El motín de Maxcanú de 1891

El motín de 1891 fue el reflejo del descontento de los milperos de la villa de Maxcanú, ubicada en el partido del mismo nombre, frente a la privatización de los montes del común que se agudizó con la expansión del monocultivo de henequén en las haciendas del noroeste de la Península de Yucatán a partir de la década de 1870. Los acontecimientos se precipitaron debido al abrupto cambio en el acceso a los pozos y montes de los alrededores: desde 1878 Camilo Solís, prefecto político del partido, se había apropiado de manera arbitraria de un pozo llamado Sahcabá para fundar el paraje Santa Gúdula e ir expulsando paulatinamente a los milperos que solían realizar sus sembrados en el área. Para 1891 Solís se había apropiado ya de ochenta hectáreas y negaba el uso del agua del pozo a los milperos de Maxcanú quienes en primer lugar acudieron a los oficiales del ayuntamiento y posteriormente escribieron al gobernador para denunciar los atropellos de Solís. Los ánimos se crisparon aun más cuando a principios de septiembre el mayordomo de la hacienda Santa Cruz, ubicada al poniente de Maxcanú, prohibió a los milperos usar los montes que consuetudinariamente habían usufructuado. Además el mayordomo entregó a los milperos a las autoridades municipales quienes los apresaron.
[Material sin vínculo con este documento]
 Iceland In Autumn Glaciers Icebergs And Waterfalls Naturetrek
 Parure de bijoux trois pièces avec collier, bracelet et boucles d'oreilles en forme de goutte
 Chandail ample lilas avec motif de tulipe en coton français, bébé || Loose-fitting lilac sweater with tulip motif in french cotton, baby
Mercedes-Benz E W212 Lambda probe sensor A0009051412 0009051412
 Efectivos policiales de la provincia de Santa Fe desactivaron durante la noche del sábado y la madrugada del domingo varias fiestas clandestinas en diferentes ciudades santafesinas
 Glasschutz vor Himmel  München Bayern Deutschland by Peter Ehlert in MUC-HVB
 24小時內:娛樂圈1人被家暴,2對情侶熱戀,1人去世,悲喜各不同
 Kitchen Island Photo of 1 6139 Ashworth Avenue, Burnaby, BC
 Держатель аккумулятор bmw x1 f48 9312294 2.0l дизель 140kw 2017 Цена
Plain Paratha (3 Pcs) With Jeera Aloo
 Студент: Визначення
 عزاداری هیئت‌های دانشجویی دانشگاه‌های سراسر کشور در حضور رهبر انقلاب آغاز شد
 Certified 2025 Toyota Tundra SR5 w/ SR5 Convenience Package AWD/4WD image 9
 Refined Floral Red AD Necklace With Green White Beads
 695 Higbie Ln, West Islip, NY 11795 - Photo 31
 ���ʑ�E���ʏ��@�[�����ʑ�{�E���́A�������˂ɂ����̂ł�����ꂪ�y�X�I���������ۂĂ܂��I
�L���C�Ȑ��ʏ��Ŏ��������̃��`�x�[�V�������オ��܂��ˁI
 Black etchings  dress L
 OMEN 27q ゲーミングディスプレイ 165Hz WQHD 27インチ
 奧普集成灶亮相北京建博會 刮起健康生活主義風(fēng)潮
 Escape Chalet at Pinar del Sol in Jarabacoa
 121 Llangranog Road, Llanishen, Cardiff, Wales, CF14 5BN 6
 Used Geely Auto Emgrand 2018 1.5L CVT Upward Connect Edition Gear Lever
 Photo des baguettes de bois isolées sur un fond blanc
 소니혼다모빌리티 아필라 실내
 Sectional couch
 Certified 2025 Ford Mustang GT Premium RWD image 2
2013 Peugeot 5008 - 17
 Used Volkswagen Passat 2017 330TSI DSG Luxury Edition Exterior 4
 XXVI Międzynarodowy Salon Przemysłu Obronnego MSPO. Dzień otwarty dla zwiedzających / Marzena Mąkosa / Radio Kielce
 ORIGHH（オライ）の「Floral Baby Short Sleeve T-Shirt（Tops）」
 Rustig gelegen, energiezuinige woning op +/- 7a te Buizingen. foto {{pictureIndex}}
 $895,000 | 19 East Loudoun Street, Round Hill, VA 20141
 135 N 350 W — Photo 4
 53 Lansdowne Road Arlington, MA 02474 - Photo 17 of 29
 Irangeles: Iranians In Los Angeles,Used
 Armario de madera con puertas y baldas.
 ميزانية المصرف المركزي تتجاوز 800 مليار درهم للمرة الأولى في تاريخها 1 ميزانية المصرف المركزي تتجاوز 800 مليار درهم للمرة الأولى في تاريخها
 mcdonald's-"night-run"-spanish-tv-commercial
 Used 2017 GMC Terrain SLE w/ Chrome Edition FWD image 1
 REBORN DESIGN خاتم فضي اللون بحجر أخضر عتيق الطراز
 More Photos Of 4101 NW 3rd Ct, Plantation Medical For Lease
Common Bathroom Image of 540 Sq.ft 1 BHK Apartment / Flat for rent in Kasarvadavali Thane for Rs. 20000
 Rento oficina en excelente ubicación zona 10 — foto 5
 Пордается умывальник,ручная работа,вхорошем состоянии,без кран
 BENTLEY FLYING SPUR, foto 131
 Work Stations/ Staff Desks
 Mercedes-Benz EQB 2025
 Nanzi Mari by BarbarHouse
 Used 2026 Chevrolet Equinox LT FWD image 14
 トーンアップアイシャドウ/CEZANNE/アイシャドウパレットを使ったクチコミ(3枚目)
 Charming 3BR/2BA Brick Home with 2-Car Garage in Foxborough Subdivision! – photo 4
Ante esto, cuatrocientos mayas armados con escopetas, palos y hachas, liberaron a sus compañeros y tomaron durante tres días la capital del partido de Maxcanú. Durante este tiempo los edificios identificados con los hacendados henqueneros fueron atacados, entre ellos la casa de Eusebio Escalante Bates. Los insurgentes también destruyeron parte de la línea de telégrafo del ferrocarril.

El motín de los milperos de Maxcanú provocó la alarma de las autoridades estatales y la pronta movilización de la milicia. El 13 de septiembre de 1891 entraron a la villa 400 milicianos de la guardia nacional y al día siguiente llegó un magistrado del Supremo Tribunal de Justicia del Estado. Hubo un diálogo entre las partes que se prolongó durante varios días, sin embargo el motín terminó una vez que varios de los cabecillas y sus familias, persuadidos por la demostración de fuerza de la élite henequenera, se dirigieron a la región controlada por los mayas pacíficos de Campeche, según los informes de los oficiales porfirianos. El motín de Maxcanú fue uno de los pocos alzamientos a gran escala en el noroeste henequenero durante el Porfiriato para intentar evitar la privatización de los montes del común.

REFERENCIAS

  1. Ortiz Yam, Inés. 2011. “De milperos a henequeneros: los procesos agrarios en el noreste de Yucatán, 1870-1937”. Tesis de doctorado, México, D.F: El Colegio de México. https://repositorio.colmex.mx/concern/theses/kp78gg577?locale=es.
  2. Soler, Leticia. 1986. “El levantamiento indígena de Maxcanú, Yucatán, 1891-1892». En Porfirio Díaz frente al descontento popular regional, 1891-1893: antología documental. México, D. F.: Universidad Iberoamericana.